**Task goal**
Once you reach the line with "Ralph Lauren POLO" below, copy each line exactly, stopping after the line with "Темновая адаптация Если", and skip any pictures.

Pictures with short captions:
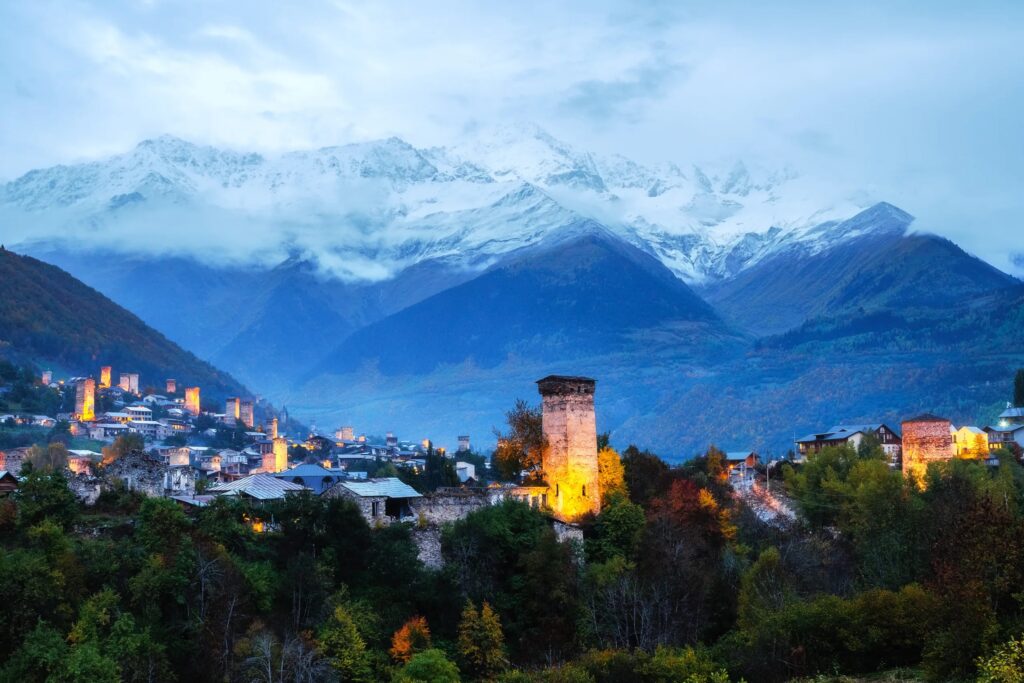 Mestia, Svaneti, Georgia in the Greater Caucasus with traditional Svan Towers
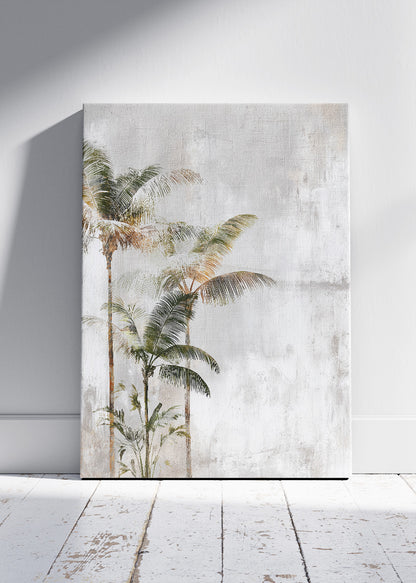 Neutral Tropical Palm Wall Art – Minimalist Beige Botanical Canvas Print | Modern Coastal Portrait Poster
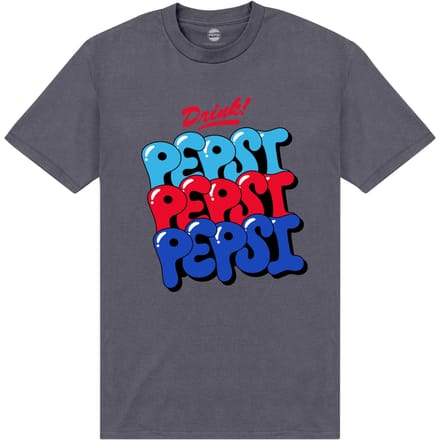 Pepsi Co. Bubble Text Men's T-Shirt - Charcoal - L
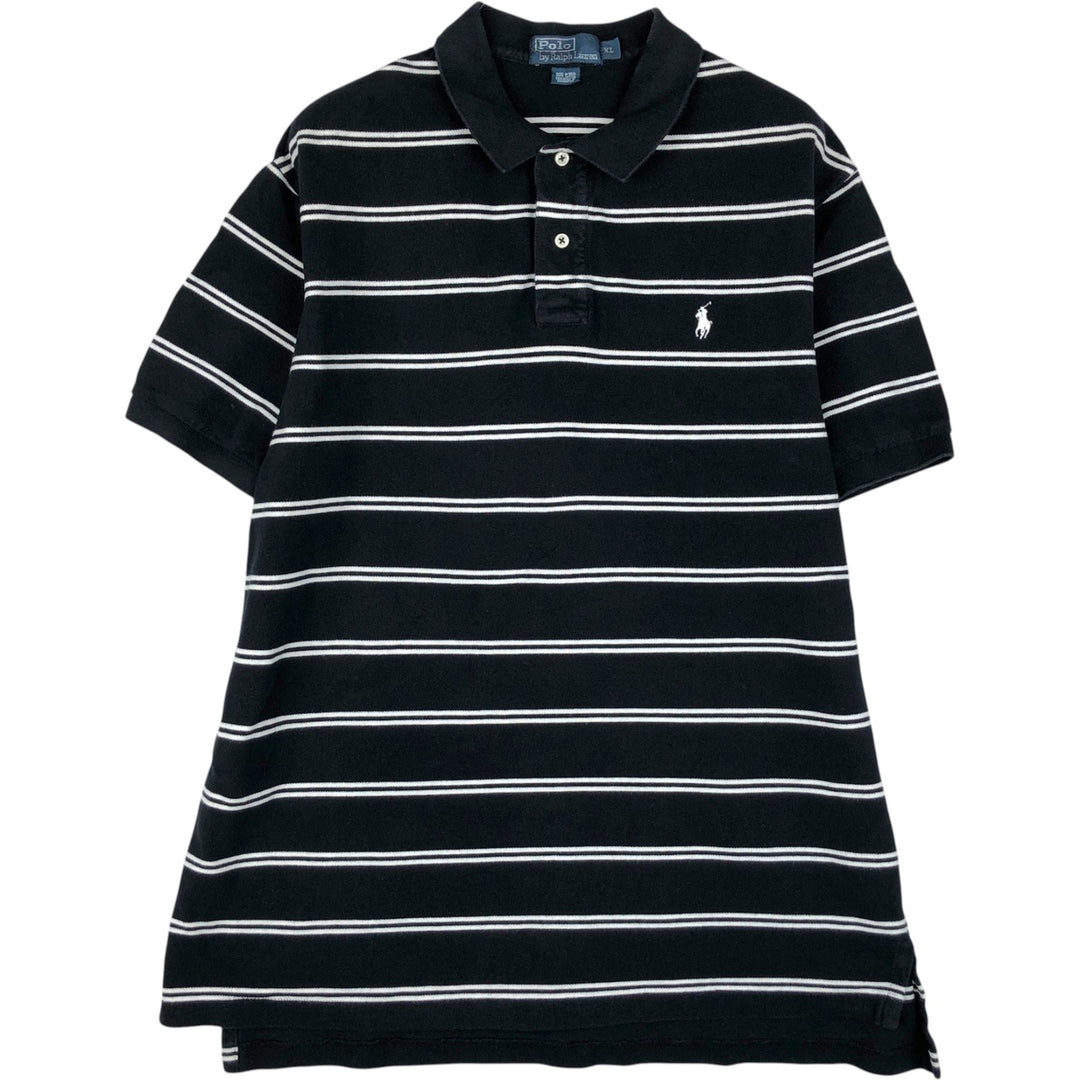 Ralph Lauren POLO by Ralph Lauren short sleeve striped polo shirt, men's XL size cotton black type Vintage Second Hand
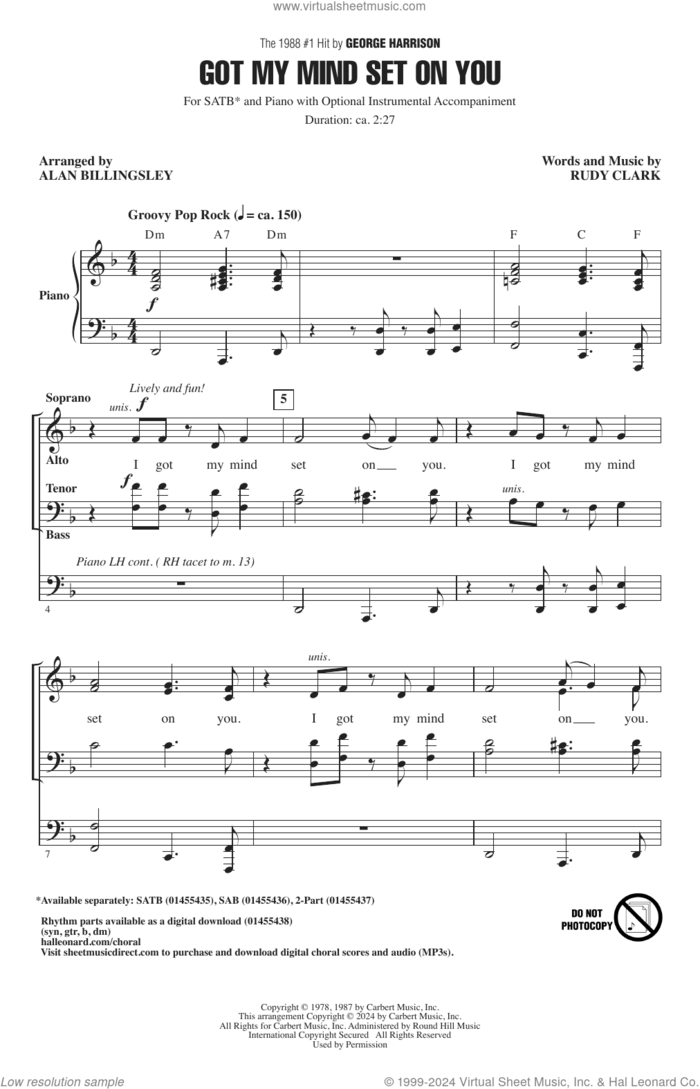 Got My Mind Set On You (arr. Alan Billingsley) sheet music for choir (SATB: soprano, alto, tenor, bass) by George Harrison, Alan Billingsley and Rudy Clark, intermediate skill level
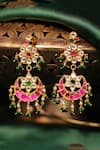 Shop_Riana Jewellery_Pink Pearls, Stones Chand Noor Kundan Jewellery Set _at_Aza_Fashions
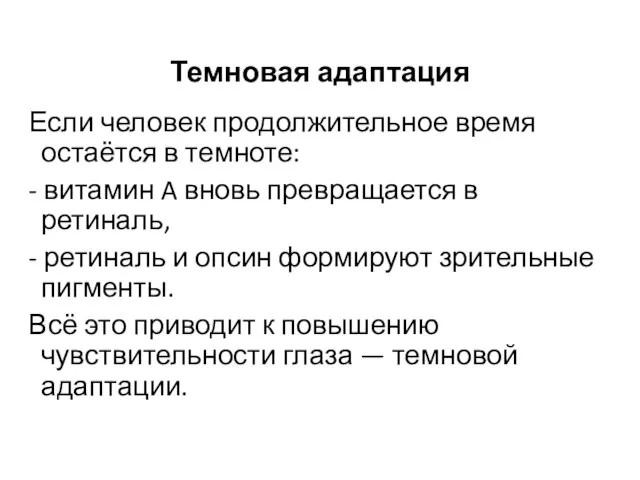 Темновая адаптация Если человек продолжительное время остаётся в темноте: - витамин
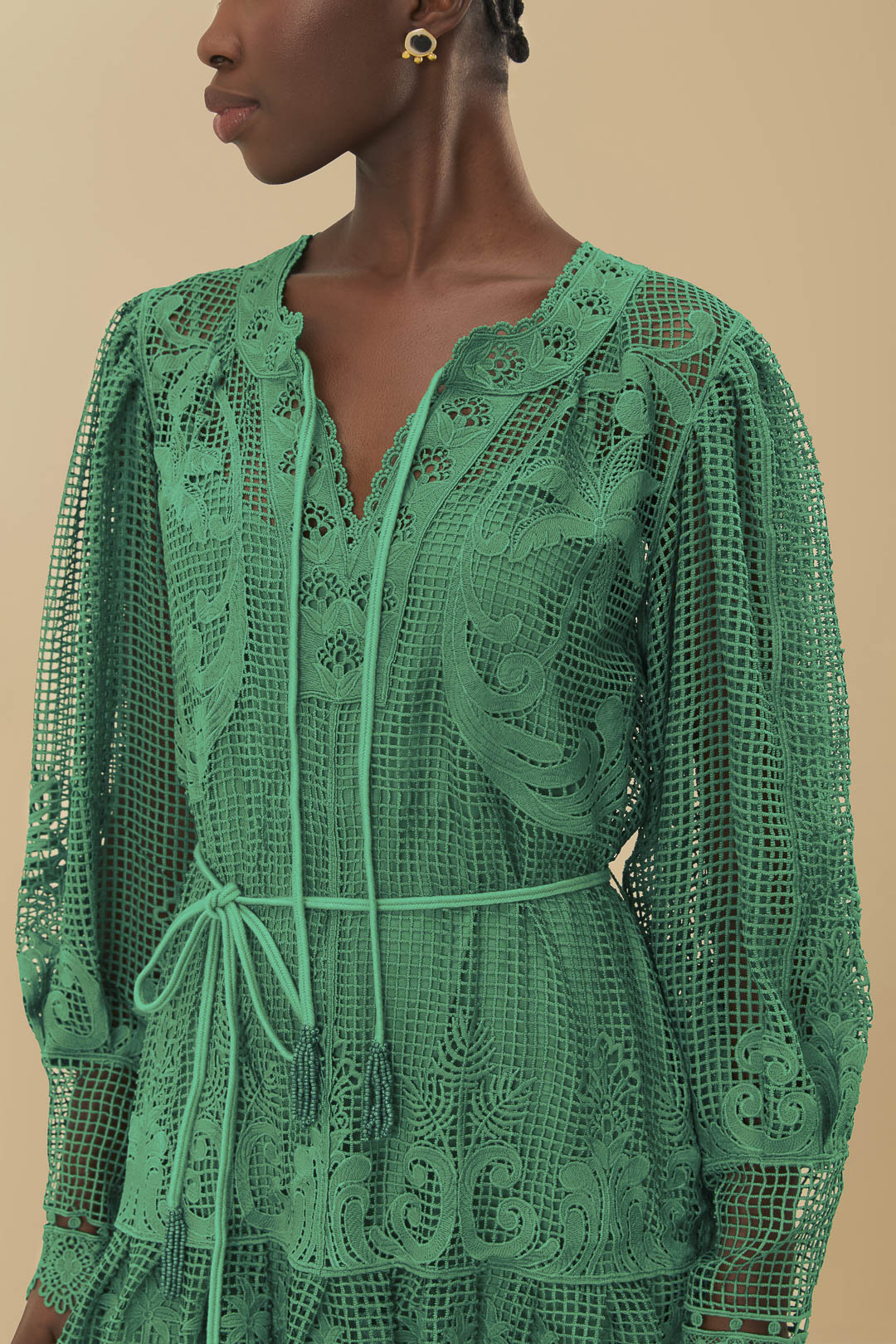 Tropical Flight Green Guipure Mini Dress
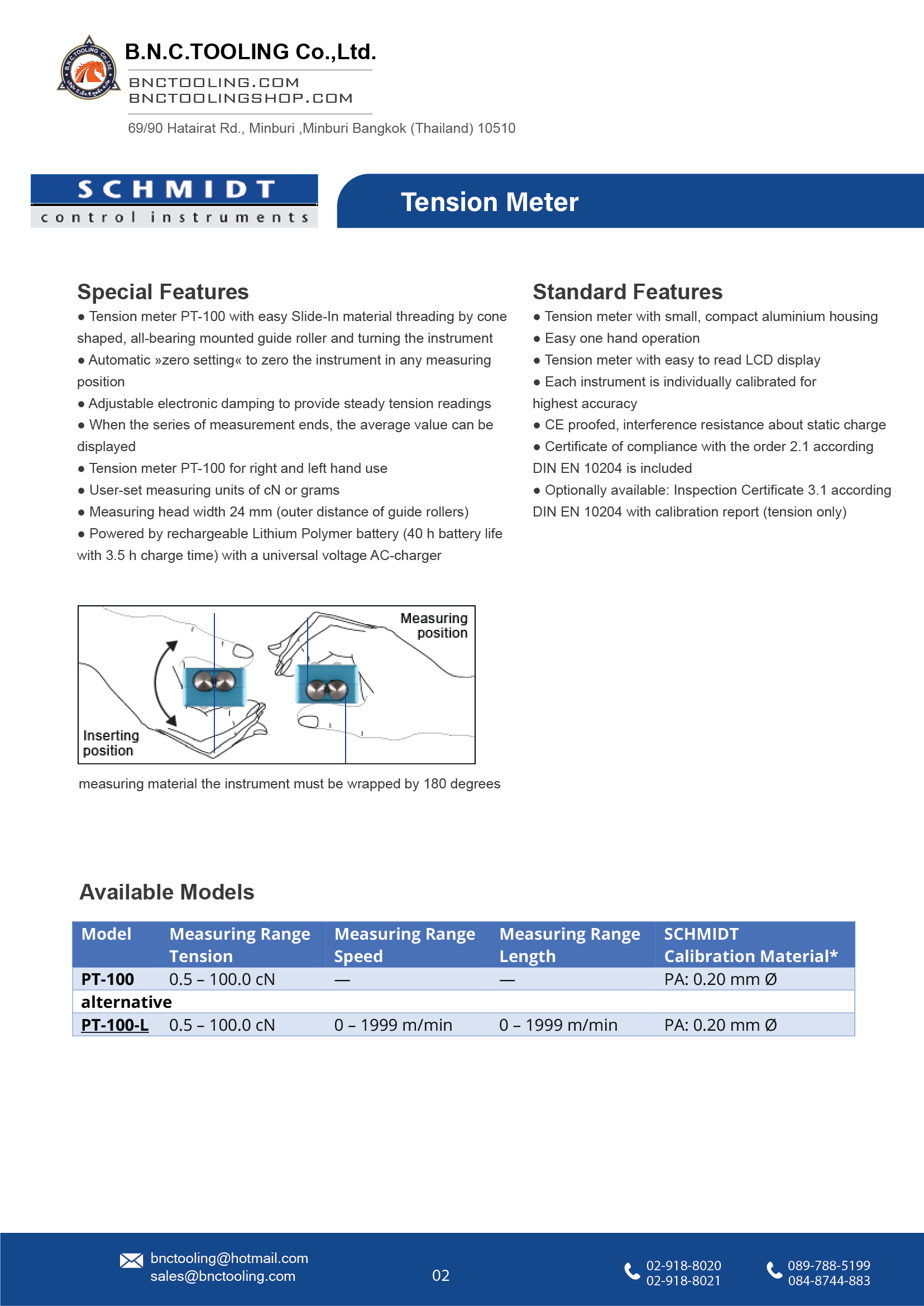 SCHMIDT,Measuring range 0.5 - 100.0 cN For fibers up to 100 tex or 1000 denier,PT-100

**Solution to this exercise**
 Ralph Lauren POLO by Ralph Lauren short sleeve striped polo shirt, men's XL size cotton black type Vintage Second Hand
 Got My Mind Set On You (arr. Alan Billingsley) sheet music for choir (SATB: soprano, alto, tenor, bass) by George Harrison, Alan Billingsley and Rudy Clark, intermediate skill level
 Shop_Riana Jewellery_Pink Pearls, Stones Chand Noor Kundan Jewellery Set _at_Aza_Fashions
 Темновая адаптация Если человек продолжительное время остаётся в темноте: - витамин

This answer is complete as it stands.